## [Required action]
No pictures, no extra lines: copy exactly from the line with "889 Woodbine Drive Property Photo 32" through the end of the entries.

Dataset records:
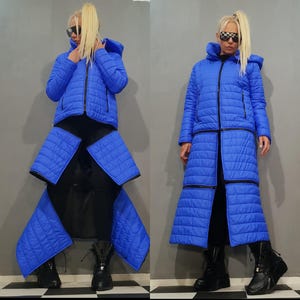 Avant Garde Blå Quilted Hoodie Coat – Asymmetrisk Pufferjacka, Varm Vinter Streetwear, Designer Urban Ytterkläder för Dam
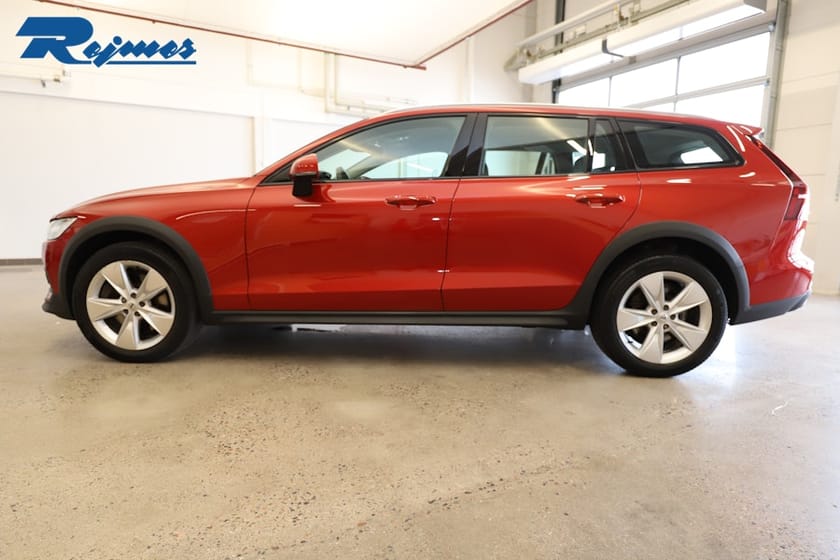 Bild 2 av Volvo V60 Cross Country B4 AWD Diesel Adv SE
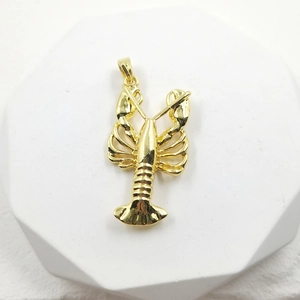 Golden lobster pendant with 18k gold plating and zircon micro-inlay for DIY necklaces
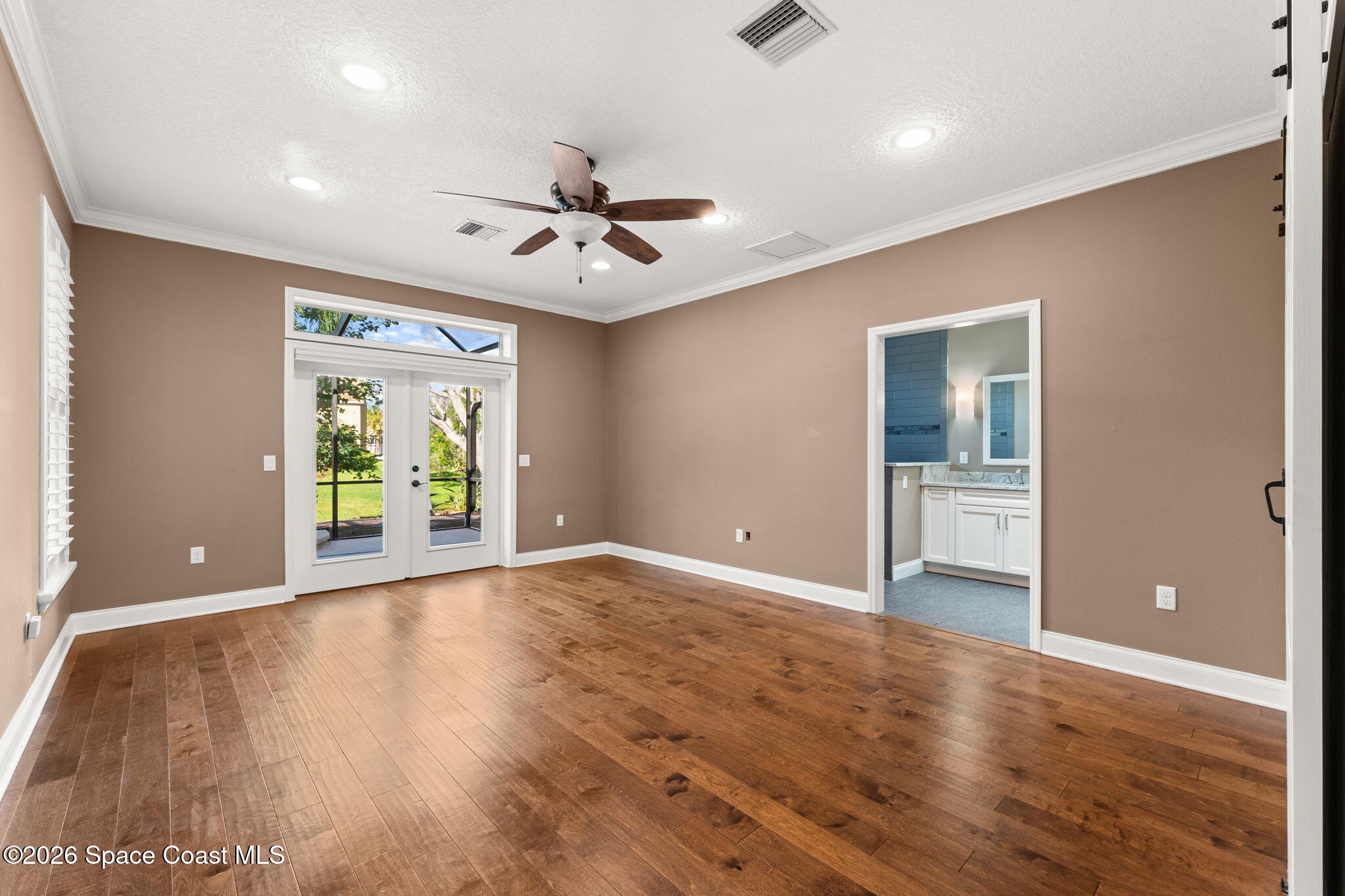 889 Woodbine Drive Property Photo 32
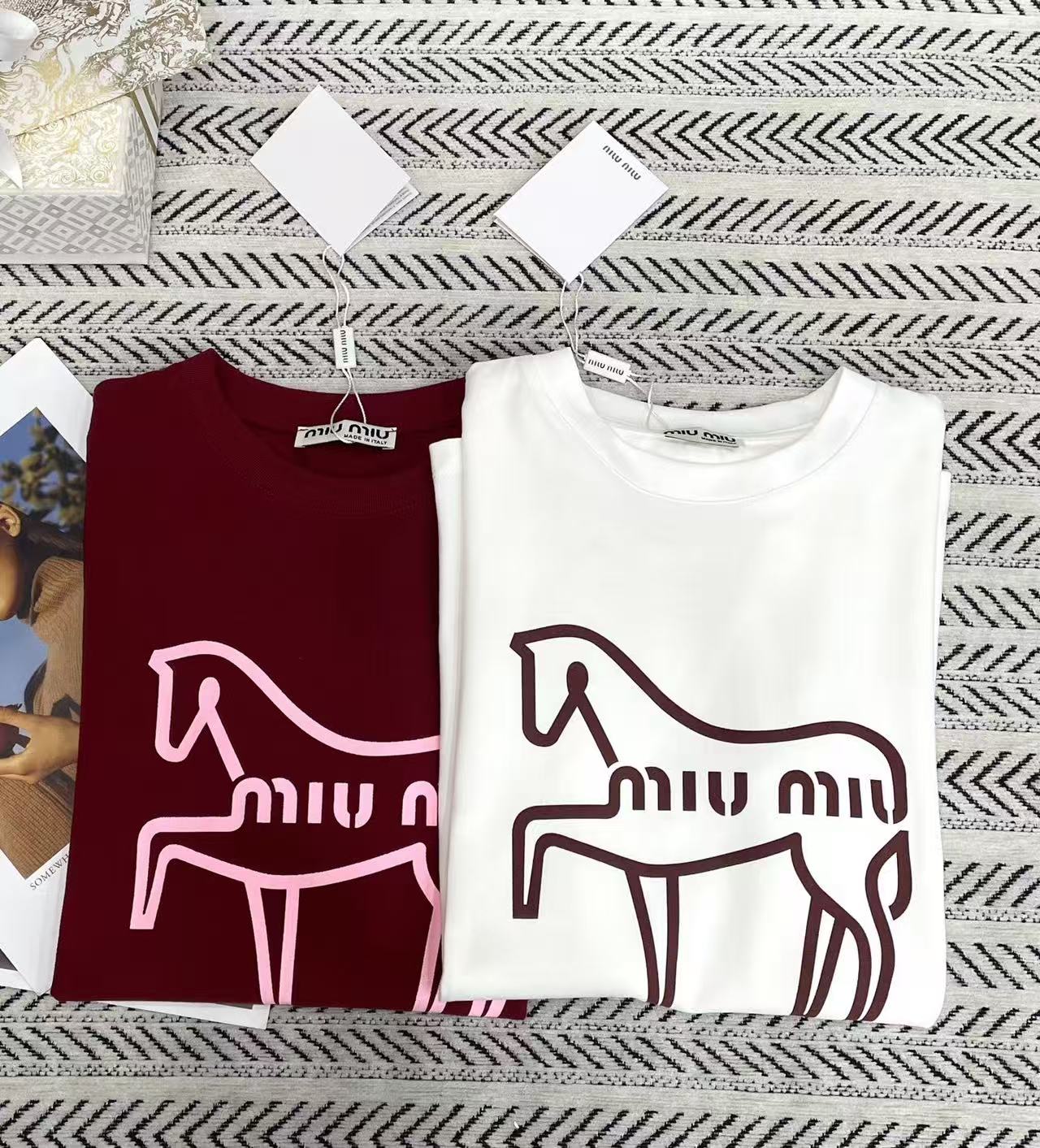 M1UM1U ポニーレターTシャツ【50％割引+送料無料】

## [Worked solution]
 889 Woodbine Drive Property Photo 32
 M1UM1U ポニーレターTシャツ【50％割引+送料無料】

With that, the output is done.